"Just as a steering wheel controls the direction of a car and a rudder controls the direction of a ship, the mind controls the body." Awake! April 2010 Article: What Makes Us Good and Evil
I am a very passionate person. I act on impulse... let my heart make a lot of decisions my head might normally not. I often think it's what makes me so awesome and others I think it will be my ultimate issue for... well, ever. My constant walk toward deeper spirituality, a closer relationship with God, and baptism has me really thinking about future and I was wondering at what point do I trust my mind over my heart? Or do I always just trust in God? And know that he'll make a way? Wouldn't you have to have like common sense though... What's that old saying... "God only protects fools and babies?" Well, I'm no baby!

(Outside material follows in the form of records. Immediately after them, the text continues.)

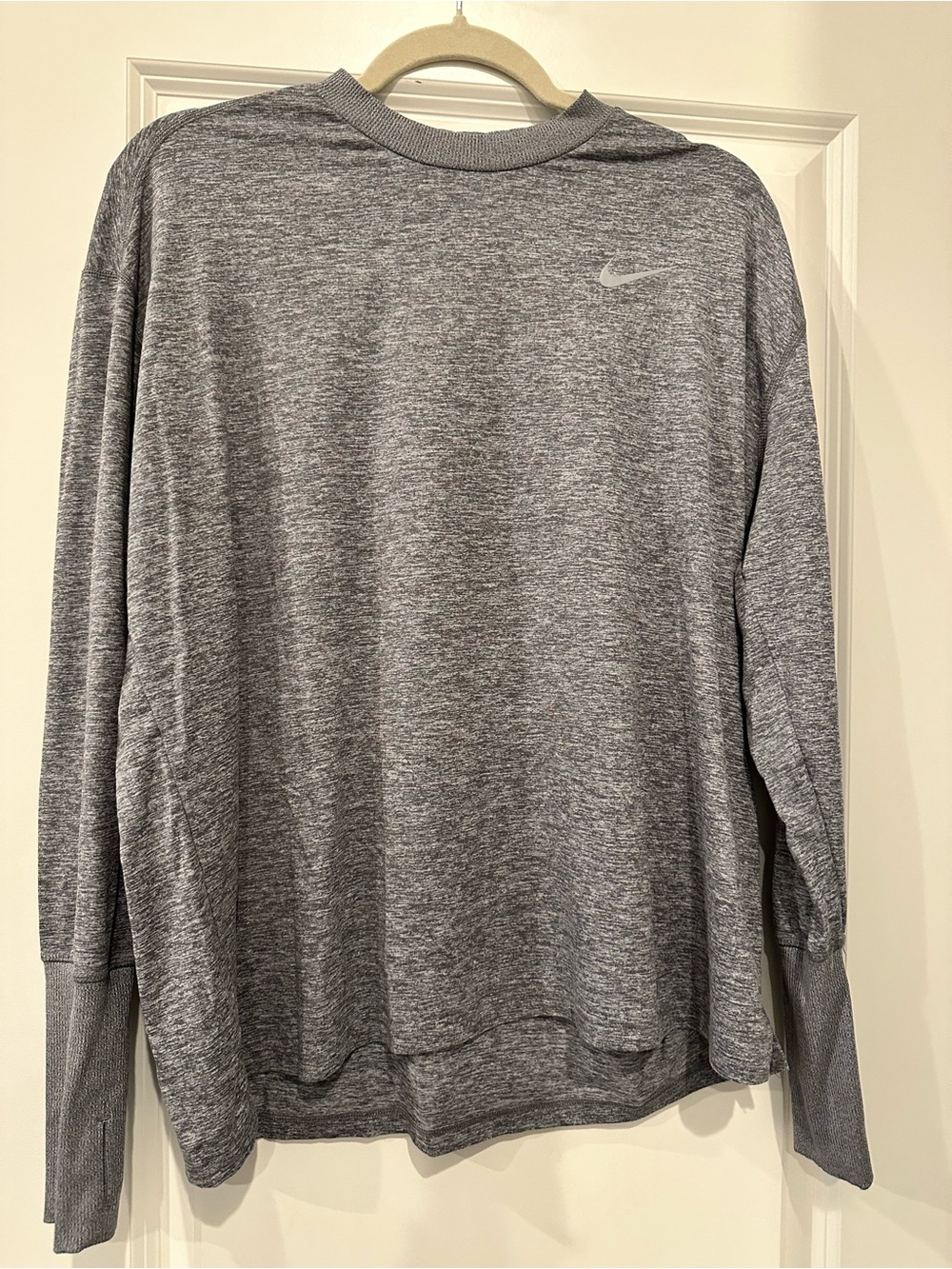 Nike Women’s Long-Sleeve Heather Gray Performance Top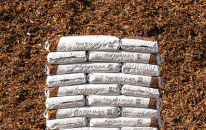 Pakendatud peen männikoor (0-15 mm) – 1 alus (51 kotti/2,55 m³)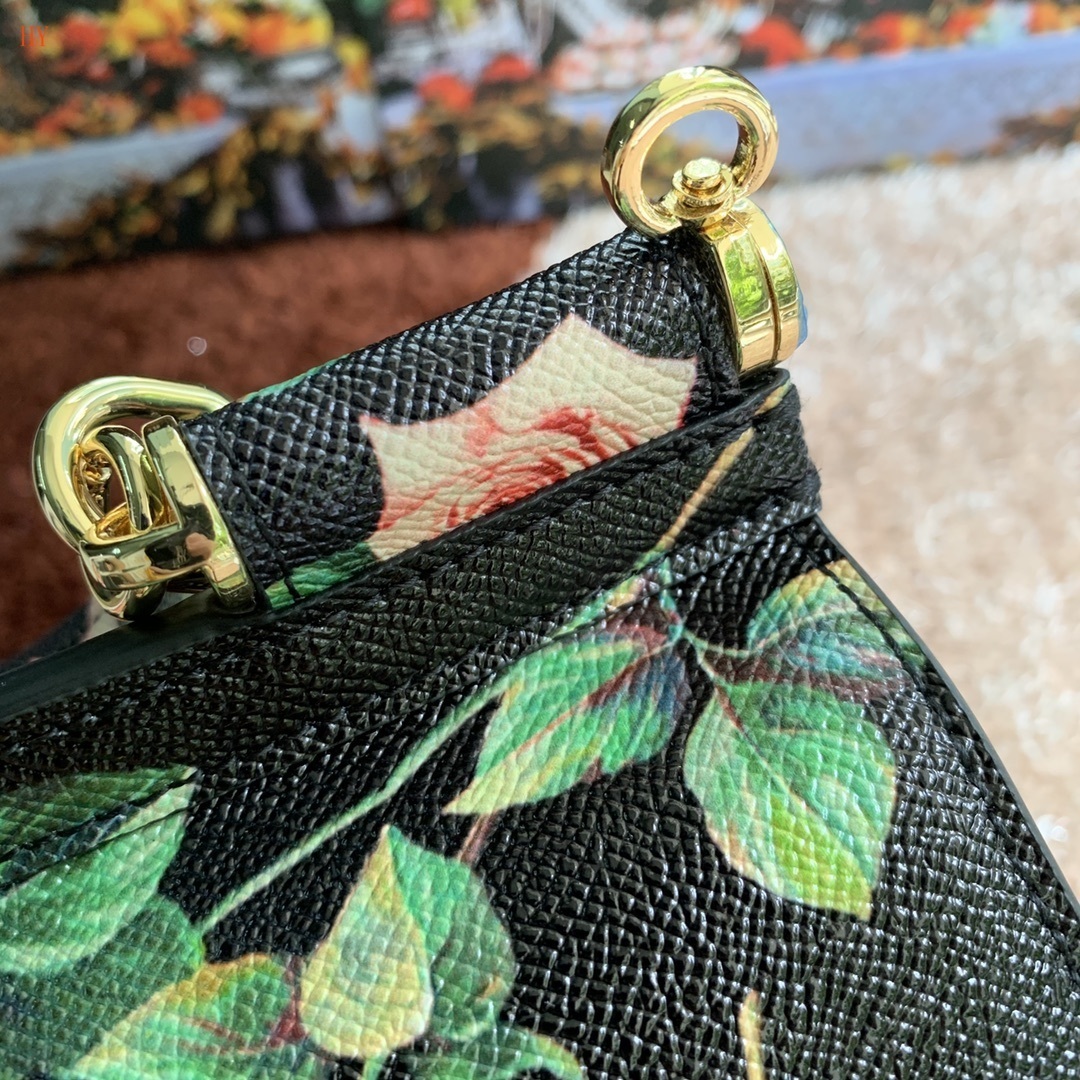 dolce & gabbana floral print handbag 25*20*12 - Image 5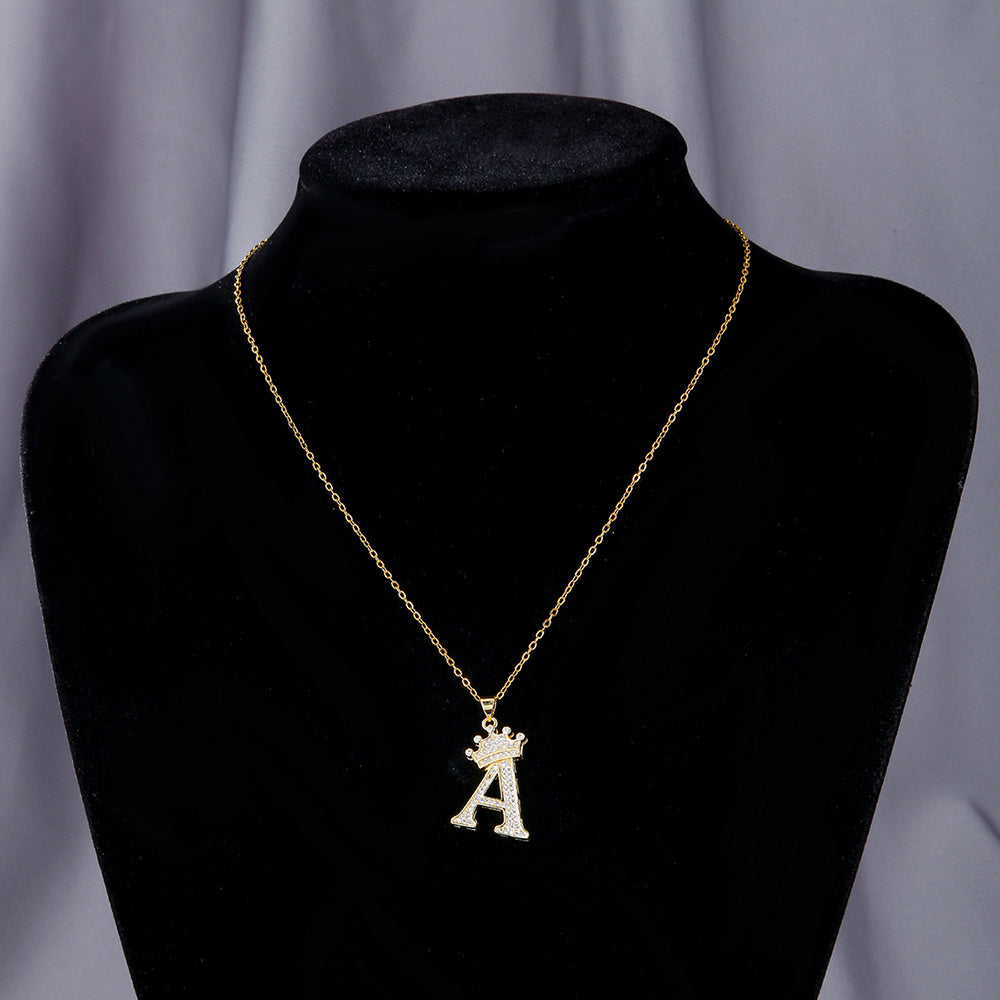 1PCS Fashionable Gold Diamond Crown Uppercase Letter Popular Pendant Necklace, Suitable For Daily Use, Festivals, Parties, Gifts Jewelry Set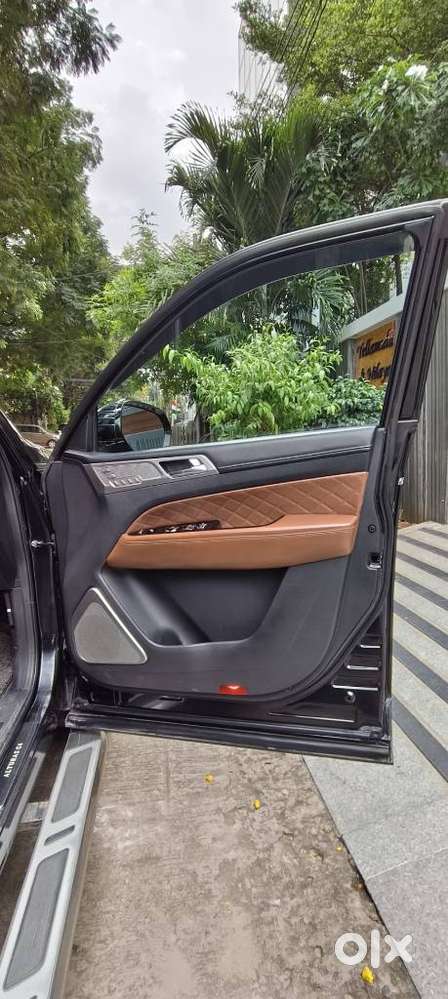 Mahindra Alturas G4 4wd At, 2019, Diesel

I guess I've just got a lot on my mind. There's so much involved in being an adult. Unlike when we were teens we can't just worry all day about our nothing and what we'll do from day-to-day, but now we have bills, children and spouses to take care of; mortgages to pay; car notes and the like... I prayed about my job and all the change that was taking place and made (what I believe to be) a great decision about switching offices and I am happy with it... there's been a lot of talk of marriage in my life... I've thought since I was a little girl (even though I'd since let go of that dream) of the kinda wife I would be... and the marriage I would be in... the person who that would be... and so much has happened... so.very.much... that has tainted my image of "happily ever after," ruined my positivity, taken stabs at my esteem... so now I am in a new place. A place that won't allow myself to be anybody's second choice... won't settle for less than all of him, won't take your sh*t just to say I'm in a relationship.... I'm a good person who's made some mistakes. And I'm not ashamed of it. I am loyal until the end but will act out when I feel disrespected. I know where I want to be... and am willing to work together to get there. Dammit, I'm the best at all I do... I deserve the best. And I'm going to get it. I have faith.